The Company engaged third-party business valuation appraisers to determine the
fair value of the intangible assets in connection with the Company's larger
acquisitions--specifically the acquisitions of Pierce Manufacturing Inc.
("Pierce") in fiscal 1996, McNeilus Companies, Inc. ("McNeilus") in fiscal 1998
and the Geesink Norba Group in fiscal 2001. The allocation of purchase price for
the Geesink Norba Group acquisition is tentative pending completion of
appraisals of assets acquired and finalization of certain restructuring plans.
The allocation may change following the completion of these items.



                                       10


The estimated future amortization expense of purchased intangible assets is as
follows (in thousands):

Fiscal year                                               Amount
-----------                                               ------

2002 (remaining six months)                               $3,013
2003                                                       5,966
2004                                                       5,966
2005                                                       5,920
2006                                                       5,699

The following table presents the changes in goodwill during the first six months
of fiscal 2002 allocated to the reportable segments (in thousands):


                        Balance at                                  Balance at
                       September 30,                                 March 31,
        Segment            2001       Acquired     Adjustments        2002
        -------            ----       --------     -----------        ----

Commercial             $  194,963     $     536      $  3,365      $  198,864
Fire and emergency         97,177            --         2,165          99,342
Defense                        --            --            --              --
                        ---------      --------       -------       ---------
  Total                $  292,140     $     536      $  5,530      $  298,206
                        =========      ========       =======       =========

The adjustments during the first six months of fiscal 2002 included a reduction
of $3.9 million resulting from currency translation adjustments and
reclassification of the net book value of recorded assets subsumed into goodwill
upon adoption of SFAS No. 142, including: assembled workforce assets of $2.9
million, going-concern/immediate use assets of $2.7 million and internal sales
force asset of $9.8 million, net of related deferred tax liabilities of $6.0
million.
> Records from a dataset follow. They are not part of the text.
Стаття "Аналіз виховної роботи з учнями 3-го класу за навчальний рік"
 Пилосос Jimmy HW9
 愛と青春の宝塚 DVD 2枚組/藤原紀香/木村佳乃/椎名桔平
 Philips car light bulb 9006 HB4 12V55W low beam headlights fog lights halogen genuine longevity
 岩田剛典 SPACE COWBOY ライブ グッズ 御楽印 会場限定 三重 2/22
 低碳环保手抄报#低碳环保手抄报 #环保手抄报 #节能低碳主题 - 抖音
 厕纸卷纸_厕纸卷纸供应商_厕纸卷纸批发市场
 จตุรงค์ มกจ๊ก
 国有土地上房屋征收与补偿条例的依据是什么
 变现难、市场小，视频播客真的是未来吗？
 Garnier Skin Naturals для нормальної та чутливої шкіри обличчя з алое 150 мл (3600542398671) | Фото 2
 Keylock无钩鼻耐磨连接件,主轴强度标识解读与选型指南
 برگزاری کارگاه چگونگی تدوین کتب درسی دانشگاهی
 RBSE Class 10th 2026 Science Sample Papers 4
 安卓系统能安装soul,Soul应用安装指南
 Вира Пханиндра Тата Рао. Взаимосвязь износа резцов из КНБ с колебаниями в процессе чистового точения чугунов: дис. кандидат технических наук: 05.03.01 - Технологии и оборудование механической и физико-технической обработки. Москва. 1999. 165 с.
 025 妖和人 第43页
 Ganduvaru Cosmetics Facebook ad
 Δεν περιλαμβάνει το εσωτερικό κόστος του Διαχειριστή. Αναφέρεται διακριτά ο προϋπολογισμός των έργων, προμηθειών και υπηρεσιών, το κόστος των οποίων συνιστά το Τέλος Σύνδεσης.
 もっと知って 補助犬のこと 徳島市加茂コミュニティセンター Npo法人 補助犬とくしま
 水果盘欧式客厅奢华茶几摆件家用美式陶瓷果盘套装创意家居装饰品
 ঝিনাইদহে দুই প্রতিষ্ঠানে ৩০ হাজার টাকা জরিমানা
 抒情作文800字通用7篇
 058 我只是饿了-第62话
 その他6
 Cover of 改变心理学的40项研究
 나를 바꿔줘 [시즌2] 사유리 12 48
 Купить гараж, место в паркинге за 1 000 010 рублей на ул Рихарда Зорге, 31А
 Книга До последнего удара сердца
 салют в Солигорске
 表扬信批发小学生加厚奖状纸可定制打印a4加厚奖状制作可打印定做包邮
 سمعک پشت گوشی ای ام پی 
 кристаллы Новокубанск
The internal sales force asset subsumed into goodwill neither arose
from contractual or other legal rights nor was it separable.

6. BUSINESS COMBINATIONS

On July 25, 2001, the Company acquired all the outstanding capital stock of the
Geesink Norba Group. The cash purchase price of the acquisition of 156.4 million
euros, including acquisition costs of 4.0 million euros and net of cash
acquired, or $137.6 million was financed under a new Term B Loan under the
Company's senior credit facility. The Geesink Norba Group is a leading European
manufacturer of refuse collection truck bodies, mobile and stationary compactors
and transfer stations under the Geesink and Norba brands. The Geesink Norba
Group is included in the Company's commercial segment.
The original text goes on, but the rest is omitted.